▶ [Work instruction]: Repeat every entry exactly. Leave nothing out.

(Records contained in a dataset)
[Start of Attachment]

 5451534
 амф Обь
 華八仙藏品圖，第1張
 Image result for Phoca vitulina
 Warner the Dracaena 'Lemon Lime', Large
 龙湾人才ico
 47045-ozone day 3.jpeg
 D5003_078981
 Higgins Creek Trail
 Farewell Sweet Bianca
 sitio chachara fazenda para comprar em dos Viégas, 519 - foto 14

[End of Attachment]

▶ [Answer section]:
 5451534
 амф Обь
 華八仙藏品圖，第1張
 Image result for Phoca vitulina
 Warner the Dracaena 'Lemon Lime', Large
 龙湾人才ico
 47045-ozone day 3.jpeg
 D5003_078981
 Higgins Creek Trail
 Farewell Sweet Bianca
 sitio chachara fazenda para comprar em dos Viégas, 519 - foto 14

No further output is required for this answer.